HAMAS Terrorism Financing - Israeli Agents To Testify Under CIPA
In August of 2004, a federal grand jury in the Northern District of Illinois returned a second, multi-count, superceding indictment against three men alleging that they knowingly provided and attempted to provide material support to Palestinian terrorist organization Hamas. An apparently integral element of the government’s case against one of the men (Muhammad Hamid Khalil Salah) however, comes from statements made following a 1993 arrest in Israel by members of the Israeli Security Agency (ISA). Mr.
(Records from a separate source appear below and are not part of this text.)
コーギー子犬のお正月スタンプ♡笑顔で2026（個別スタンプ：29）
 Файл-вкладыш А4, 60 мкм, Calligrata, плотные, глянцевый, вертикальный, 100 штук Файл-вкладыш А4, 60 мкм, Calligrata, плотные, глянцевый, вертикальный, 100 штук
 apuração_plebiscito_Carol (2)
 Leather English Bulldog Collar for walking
Salah’s defense counsel filed a Motion to Suppress any oral or written statements allegedly made to members of the Israeli security team, submitting a sworn affidavit detailing what he claims to be acts of coercion and torture. In the face of this factual dispute, Judge Amy J. St. Eve has ordered an evidentiary hearing be held.
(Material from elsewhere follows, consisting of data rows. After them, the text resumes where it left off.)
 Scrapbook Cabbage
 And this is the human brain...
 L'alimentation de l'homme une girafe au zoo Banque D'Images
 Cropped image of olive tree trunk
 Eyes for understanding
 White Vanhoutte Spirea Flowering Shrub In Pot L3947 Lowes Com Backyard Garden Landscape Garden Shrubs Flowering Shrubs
Because two of those witnesses who will be asked to testify at the hearing are members of the ISA, the government moved to close the hearing to the public under the Classified Information Procedures Act (CIPA) and in the interest of ensuring the protection of classified Israeli national security information (i.e. sources and methods). Under CIPA, the court is obliged to take pretrial measures to prevent the unnecessary disclosure of important defense and national security information, as classified properly under statute and Executive Order.[1] Section 4 of CIPA permits the government to submit to the court a request that certain sections of discoverable documents be redacted to secure the classification. This procedure has been upheld by the courts as applying to oral testimony as well.[2] According to the Judge St. Eve’s review of materials submitted to date, testimony of the two ISA agents is properly classified under Executive Orders 12958 and 13292, which classifies shared foreign intelligence information. Defense counsel argued that because much of the information likely to be discussed by the two ISA agents may be found within the public domain, the testimony itself should be held in public forum. But, according to the court, because such public information is merely speculative and not certified by government declassification of relevant materials, ISA testimony remains properly classified.[3]
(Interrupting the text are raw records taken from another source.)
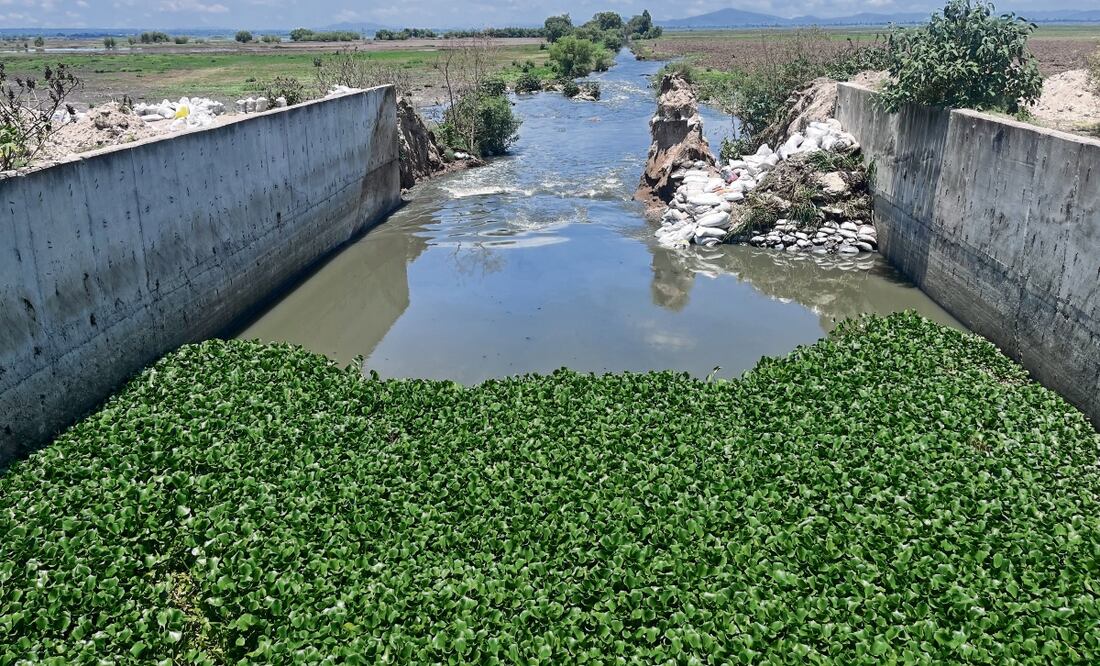 Pobladores de Zumpango dicen que las aguas negras dañarán la siembra que realizaron en la laguna. Foto: Arturo Contreras EL UNIVERSAL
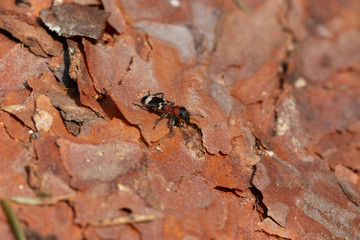 Käfer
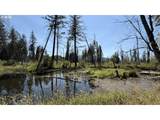 54432 Mckenzie Hwy - Photo 6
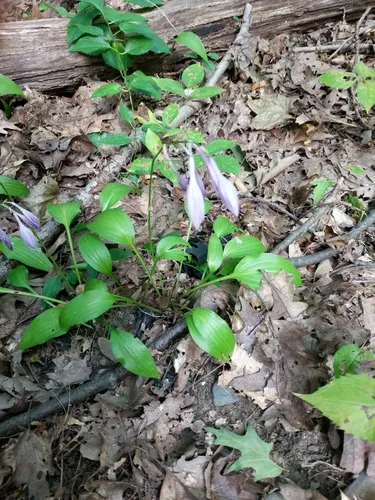 Narrow-leaved Plantain-lily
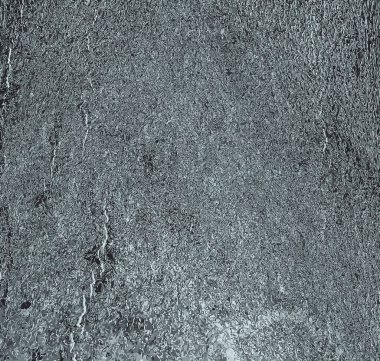 Güneşli havada Cladrastis kentukea ağaç kabuğunun vektör çizimi. Doğanın doğal derisi..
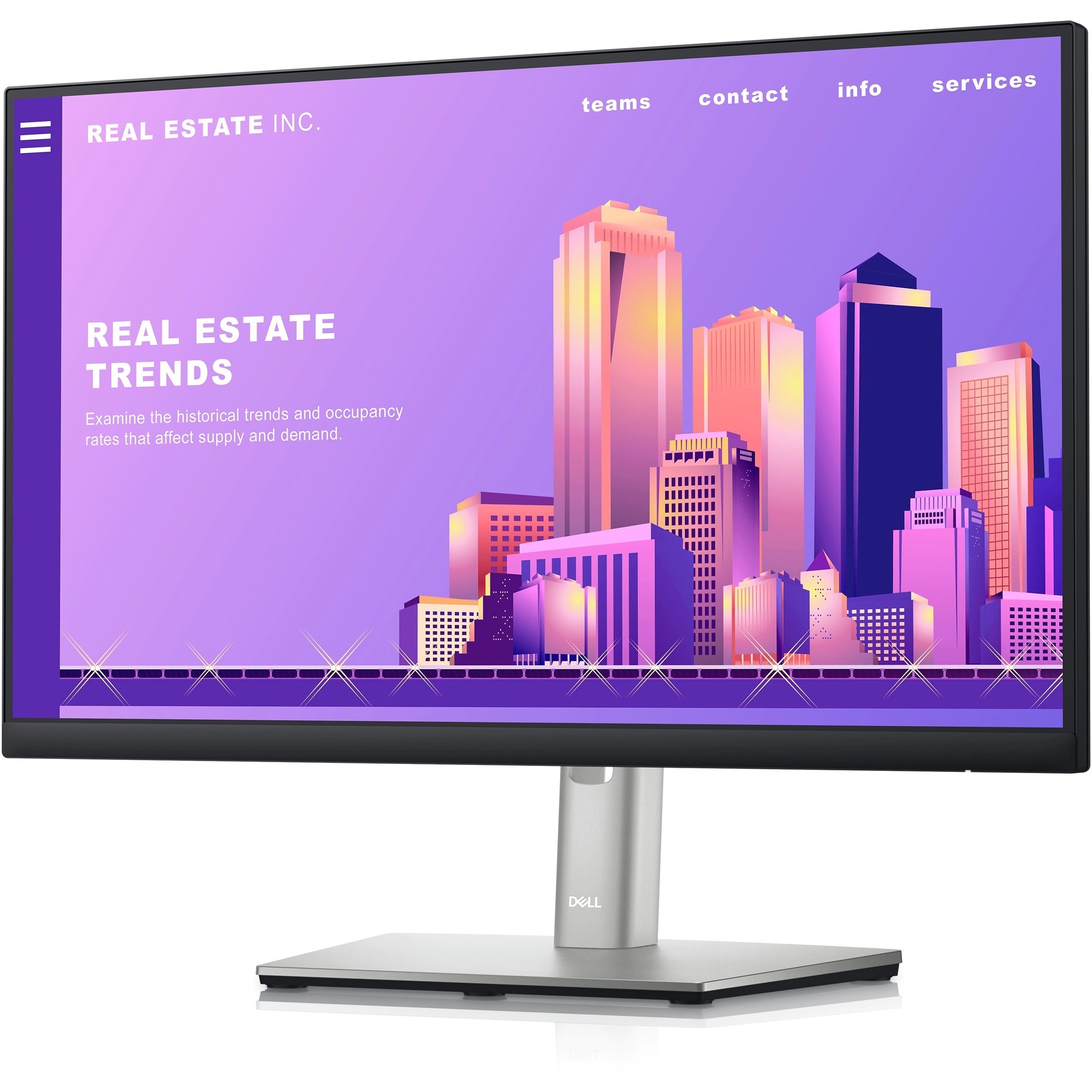 DELL SOURCING - NEW P2422H 24" Class Full HD LED Monitor - 16:9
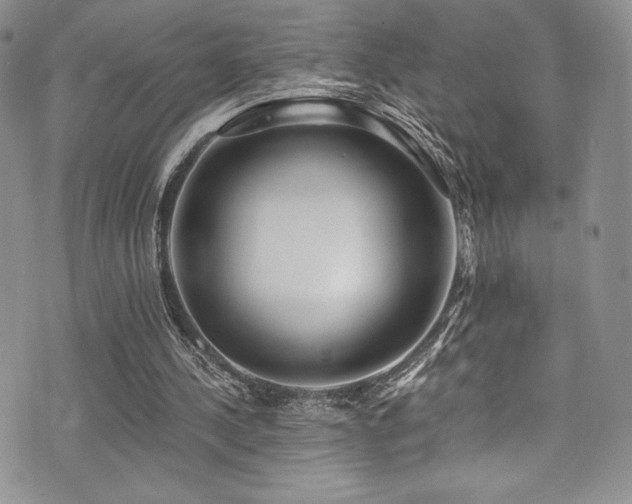 X0000073860244200608101257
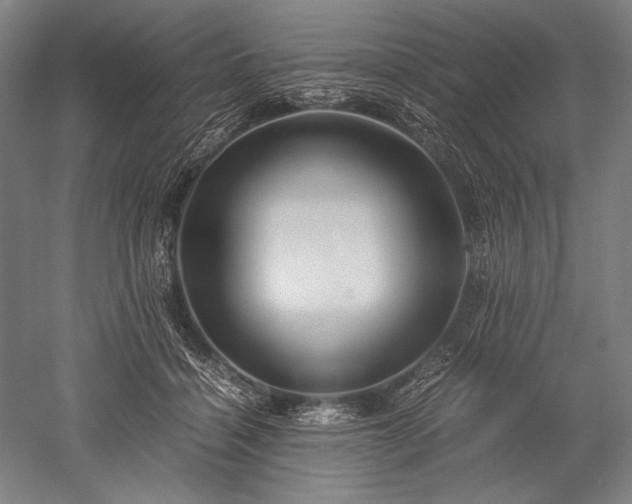 X0000052550460200507081614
Section 6 of CIPA goes on to provide the procedural mechanism by which a hearing may be held so the court may “make all determinations concerning the use, relevance, or admissibility of classified information that would otherwise be made during the trial or pretrial proceeding.”[4] Fearing that a public proceeding pursuant to Section 6 would risk the unauthorized disclosure of classified information, Judge St. Eve has agreed to grant the government’s motion to hear the testimony of the two agents in an in camera review, open only to the lawyers with proper classification.
The Chicago Tribune and the Center for Constitutional Rights filed motions challenging the government’s insistence upon a closed door hearing, arguing that First Amendment rights to access information relative to the free press and Sixth Amendment defendant rights to a public trial, apply to hearings as well as the trial phase and consequently are Constitutional impediments to the secrecy of in camera review. In finding the presence of an “overriding interest” in the securing of classified information relative to the protection of national security and physical protection of the ISA officers from retaliation, the court ruled that First and Sixth Amendment concerns were outweighed by security concerns. Although the ISA members will be permitted to use a non-public entrance into the court, the government’s motion to allow them to wear light disguise while in the closed court was denied.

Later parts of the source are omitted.